From the records below, copy the lines that include "Apartment".

+===+

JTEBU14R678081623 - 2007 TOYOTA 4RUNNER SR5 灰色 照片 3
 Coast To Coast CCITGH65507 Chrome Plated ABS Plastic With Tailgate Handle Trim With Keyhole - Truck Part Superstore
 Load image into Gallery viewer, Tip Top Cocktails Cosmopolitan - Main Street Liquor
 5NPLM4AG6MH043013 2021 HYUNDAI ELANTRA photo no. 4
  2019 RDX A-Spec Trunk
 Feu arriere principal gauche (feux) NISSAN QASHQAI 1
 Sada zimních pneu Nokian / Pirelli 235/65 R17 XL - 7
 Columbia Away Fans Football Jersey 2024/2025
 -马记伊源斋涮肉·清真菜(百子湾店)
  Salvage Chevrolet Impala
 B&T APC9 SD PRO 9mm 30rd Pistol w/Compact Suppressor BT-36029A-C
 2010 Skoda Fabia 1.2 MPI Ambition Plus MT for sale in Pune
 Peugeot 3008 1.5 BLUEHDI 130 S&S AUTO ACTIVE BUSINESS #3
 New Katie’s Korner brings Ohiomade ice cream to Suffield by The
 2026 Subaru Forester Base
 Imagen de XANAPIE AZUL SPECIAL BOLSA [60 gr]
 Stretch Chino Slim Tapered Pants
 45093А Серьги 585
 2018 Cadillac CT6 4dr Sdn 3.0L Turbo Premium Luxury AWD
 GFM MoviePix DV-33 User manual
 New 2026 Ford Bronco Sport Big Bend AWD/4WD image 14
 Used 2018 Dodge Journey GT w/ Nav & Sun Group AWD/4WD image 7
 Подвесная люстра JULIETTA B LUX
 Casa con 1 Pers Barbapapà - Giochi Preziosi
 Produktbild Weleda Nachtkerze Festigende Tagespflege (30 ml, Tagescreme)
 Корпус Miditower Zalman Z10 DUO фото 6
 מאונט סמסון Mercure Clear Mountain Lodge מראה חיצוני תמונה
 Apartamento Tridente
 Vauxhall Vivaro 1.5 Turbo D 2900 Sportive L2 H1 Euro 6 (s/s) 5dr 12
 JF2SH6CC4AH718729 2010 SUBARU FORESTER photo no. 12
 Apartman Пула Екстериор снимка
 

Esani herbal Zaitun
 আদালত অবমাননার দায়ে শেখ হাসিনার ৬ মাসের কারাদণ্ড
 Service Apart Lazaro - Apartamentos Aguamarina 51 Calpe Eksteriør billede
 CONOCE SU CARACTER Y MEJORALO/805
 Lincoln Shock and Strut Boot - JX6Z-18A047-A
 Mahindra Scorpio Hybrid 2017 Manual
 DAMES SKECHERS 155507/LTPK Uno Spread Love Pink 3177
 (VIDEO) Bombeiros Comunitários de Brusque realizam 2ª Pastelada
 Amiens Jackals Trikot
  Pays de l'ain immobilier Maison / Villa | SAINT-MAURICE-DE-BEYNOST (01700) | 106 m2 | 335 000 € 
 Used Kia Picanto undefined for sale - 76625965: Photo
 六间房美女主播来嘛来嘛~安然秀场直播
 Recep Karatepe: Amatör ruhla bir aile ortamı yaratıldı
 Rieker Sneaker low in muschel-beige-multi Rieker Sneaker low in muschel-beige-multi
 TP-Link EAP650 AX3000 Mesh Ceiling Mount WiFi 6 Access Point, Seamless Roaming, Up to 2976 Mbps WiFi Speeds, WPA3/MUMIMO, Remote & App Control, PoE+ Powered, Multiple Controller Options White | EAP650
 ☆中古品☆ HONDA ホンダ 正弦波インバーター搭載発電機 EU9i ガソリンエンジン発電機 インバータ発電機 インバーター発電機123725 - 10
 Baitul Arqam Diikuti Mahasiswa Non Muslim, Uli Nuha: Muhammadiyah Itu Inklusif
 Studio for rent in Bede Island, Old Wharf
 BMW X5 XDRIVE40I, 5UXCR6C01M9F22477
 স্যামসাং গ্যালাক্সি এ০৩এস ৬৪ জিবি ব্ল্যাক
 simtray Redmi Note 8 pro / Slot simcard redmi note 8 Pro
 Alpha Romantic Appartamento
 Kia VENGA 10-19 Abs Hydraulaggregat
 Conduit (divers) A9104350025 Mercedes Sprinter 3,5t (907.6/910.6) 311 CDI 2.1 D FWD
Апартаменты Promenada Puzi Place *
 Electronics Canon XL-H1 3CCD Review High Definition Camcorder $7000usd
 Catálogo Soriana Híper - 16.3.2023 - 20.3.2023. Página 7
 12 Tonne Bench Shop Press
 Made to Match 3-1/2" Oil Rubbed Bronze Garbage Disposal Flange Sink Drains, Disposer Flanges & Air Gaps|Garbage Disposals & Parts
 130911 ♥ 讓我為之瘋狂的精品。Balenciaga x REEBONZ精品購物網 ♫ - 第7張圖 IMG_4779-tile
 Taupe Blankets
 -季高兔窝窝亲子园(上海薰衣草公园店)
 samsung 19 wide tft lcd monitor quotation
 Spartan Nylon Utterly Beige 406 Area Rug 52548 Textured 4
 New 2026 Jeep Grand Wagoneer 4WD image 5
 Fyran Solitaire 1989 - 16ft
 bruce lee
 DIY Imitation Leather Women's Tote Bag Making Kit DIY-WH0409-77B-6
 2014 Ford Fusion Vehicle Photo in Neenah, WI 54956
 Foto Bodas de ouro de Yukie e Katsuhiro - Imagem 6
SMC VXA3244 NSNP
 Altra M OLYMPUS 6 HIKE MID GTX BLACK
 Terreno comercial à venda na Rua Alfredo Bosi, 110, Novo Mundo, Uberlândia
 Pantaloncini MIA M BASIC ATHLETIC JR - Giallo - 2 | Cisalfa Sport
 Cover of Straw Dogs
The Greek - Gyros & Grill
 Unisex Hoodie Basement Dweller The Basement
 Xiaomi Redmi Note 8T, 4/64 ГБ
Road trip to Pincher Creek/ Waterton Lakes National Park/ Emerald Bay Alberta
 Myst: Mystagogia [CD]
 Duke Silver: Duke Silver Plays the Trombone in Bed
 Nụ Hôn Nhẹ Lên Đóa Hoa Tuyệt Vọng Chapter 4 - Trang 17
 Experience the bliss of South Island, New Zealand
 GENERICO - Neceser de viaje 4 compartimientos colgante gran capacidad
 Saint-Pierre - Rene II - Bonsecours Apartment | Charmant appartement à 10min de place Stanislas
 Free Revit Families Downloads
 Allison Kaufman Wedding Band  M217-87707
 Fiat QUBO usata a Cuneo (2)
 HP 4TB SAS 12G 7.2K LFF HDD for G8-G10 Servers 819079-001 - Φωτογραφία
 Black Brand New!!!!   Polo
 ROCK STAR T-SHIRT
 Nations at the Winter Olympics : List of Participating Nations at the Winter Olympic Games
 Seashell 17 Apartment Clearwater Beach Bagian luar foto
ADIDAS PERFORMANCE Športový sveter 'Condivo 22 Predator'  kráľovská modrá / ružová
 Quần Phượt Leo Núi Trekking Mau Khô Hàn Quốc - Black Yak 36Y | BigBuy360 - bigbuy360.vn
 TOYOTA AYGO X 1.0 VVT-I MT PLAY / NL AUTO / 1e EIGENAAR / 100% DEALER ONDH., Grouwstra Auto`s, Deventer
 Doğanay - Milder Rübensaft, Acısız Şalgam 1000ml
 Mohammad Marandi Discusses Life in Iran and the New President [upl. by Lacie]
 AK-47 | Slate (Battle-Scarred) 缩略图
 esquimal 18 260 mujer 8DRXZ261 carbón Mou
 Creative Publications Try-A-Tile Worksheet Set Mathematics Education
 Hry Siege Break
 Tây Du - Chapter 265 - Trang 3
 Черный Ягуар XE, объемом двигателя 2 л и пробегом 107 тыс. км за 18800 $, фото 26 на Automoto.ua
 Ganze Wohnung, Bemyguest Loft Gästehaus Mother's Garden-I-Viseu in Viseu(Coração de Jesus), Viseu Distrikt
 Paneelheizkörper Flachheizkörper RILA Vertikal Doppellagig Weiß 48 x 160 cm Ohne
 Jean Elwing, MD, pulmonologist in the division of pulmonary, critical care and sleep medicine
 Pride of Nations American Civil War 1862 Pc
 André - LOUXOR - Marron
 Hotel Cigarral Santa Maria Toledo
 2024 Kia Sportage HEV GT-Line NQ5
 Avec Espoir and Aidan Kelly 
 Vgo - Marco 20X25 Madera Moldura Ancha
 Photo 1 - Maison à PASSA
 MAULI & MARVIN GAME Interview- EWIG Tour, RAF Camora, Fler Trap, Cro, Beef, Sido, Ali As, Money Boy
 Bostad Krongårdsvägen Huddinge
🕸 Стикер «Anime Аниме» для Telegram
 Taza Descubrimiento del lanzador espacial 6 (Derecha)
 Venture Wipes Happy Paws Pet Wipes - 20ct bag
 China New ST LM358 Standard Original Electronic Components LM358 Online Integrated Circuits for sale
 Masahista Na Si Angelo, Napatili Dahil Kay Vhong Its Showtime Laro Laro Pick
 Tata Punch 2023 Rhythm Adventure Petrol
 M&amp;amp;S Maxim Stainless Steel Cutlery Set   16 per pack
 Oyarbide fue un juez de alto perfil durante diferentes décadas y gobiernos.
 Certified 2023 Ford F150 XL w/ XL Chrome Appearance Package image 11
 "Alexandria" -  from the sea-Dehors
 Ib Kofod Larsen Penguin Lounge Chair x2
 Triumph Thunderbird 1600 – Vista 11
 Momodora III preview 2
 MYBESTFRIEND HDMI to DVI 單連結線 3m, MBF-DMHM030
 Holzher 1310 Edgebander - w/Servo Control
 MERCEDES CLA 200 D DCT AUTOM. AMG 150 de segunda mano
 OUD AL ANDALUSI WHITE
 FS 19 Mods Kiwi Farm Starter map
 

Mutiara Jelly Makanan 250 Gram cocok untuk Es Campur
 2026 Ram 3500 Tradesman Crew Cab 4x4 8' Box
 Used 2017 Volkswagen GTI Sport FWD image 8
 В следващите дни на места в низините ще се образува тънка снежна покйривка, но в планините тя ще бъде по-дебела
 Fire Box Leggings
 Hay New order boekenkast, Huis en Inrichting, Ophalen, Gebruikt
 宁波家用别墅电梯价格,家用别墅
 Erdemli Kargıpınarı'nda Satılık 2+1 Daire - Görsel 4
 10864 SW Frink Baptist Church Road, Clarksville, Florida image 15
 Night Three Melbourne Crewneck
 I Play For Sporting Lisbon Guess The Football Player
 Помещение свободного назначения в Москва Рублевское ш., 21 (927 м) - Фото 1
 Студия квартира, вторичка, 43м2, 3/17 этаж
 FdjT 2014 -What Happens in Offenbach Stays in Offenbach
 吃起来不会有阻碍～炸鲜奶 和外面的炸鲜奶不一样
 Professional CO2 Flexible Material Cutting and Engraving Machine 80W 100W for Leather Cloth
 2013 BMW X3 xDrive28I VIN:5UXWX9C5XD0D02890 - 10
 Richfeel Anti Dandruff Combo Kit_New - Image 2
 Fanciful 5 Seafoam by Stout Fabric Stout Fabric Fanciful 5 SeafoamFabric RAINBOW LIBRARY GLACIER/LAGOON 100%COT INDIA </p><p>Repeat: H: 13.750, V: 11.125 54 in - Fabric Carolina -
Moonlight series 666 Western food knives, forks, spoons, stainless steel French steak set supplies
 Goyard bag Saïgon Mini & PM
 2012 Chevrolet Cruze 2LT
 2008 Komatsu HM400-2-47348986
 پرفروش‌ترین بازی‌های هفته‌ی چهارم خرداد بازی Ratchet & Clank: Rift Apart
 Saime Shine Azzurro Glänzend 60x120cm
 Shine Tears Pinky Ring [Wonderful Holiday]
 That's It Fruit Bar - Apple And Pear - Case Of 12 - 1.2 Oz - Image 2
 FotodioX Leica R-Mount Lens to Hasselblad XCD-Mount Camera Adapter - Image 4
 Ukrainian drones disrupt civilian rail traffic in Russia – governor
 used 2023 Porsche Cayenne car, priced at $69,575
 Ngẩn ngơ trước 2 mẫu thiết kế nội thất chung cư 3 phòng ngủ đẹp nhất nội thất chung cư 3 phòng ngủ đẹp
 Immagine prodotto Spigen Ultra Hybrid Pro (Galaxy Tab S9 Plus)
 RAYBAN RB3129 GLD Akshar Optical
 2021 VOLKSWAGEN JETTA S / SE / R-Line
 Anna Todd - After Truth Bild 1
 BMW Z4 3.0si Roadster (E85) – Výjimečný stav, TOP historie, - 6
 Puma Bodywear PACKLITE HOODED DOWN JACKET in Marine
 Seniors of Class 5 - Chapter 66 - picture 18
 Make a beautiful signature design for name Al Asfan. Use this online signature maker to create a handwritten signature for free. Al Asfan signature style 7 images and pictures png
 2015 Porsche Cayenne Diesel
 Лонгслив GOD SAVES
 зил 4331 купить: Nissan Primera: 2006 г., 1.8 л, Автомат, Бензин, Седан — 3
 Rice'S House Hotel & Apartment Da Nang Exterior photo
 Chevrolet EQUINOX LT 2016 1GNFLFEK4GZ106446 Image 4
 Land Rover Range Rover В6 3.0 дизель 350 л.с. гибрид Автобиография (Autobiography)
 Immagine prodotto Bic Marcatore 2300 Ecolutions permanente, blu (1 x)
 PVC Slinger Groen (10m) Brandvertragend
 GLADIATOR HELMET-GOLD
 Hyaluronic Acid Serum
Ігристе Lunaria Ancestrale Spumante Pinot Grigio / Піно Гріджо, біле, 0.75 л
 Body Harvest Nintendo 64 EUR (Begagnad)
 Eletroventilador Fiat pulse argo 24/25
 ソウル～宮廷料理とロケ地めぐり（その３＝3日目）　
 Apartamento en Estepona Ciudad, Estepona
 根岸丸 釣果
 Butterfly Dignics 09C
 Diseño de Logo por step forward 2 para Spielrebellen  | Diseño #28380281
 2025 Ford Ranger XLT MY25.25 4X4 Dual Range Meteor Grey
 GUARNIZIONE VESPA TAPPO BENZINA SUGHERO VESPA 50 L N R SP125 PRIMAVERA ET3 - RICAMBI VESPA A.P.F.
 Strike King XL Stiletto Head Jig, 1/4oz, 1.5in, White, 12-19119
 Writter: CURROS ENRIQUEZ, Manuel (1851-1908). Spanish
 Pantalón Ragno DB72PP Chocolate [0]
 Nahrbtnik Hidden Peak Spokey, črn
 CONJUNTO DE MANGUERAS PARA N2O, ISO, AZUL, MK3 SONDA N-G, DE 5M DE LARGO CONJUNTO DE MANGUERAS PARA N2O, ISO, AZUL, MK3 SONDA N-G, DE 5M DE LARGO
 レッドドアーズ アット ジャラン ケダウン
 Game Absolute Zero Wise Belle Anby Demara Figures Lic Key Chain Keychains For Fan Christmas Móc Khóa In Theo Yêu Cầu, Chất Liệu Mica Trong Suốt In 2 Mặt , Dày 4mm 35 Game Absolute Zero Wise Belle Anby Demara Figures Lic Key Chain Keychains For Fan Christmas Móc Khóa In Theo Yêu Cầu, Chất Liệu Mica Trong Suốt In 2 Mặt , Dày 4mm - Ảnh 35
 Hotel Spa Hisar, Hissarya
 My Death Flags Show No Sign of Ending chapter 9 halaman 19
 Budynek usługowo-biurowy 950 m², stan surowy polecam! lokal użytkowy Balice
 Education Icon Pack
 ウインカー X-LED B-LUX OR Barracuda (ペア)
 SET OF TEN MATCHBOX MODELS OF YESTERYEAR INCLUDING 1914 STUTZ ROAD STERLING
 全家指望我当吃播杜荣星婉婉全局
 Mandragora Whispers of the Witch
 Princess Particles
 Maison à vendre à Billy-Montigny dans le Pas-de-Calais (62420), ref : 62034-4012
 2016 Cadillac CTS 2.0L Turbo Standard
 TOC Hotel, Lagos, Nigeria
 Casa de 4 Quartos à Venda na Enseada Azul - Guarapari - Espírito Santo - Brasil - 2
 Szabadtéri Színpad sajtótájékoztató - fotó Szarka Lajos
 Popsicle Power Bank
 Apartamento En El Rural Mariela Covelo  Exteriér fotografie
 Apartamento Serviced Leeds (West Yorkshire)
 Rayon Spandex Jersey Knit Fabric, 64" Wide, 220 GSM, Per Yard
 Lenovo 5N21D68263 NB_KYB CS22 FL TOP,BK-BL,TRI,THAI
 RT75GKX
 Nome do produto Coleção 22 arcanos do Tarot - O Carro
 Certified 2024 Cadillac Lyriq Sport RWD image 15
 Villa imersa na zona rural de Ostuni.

+===+

◆ Your solution
 Saint-Pierre - Rene II - Bonsecours Apartment | Charmant appartement à 10min de place Stanislas
 Seashell 17 Apartment Clearwater Beach Bagian luar foto
 Rice'S House Hotel & Apartment Da Nang Exterior photo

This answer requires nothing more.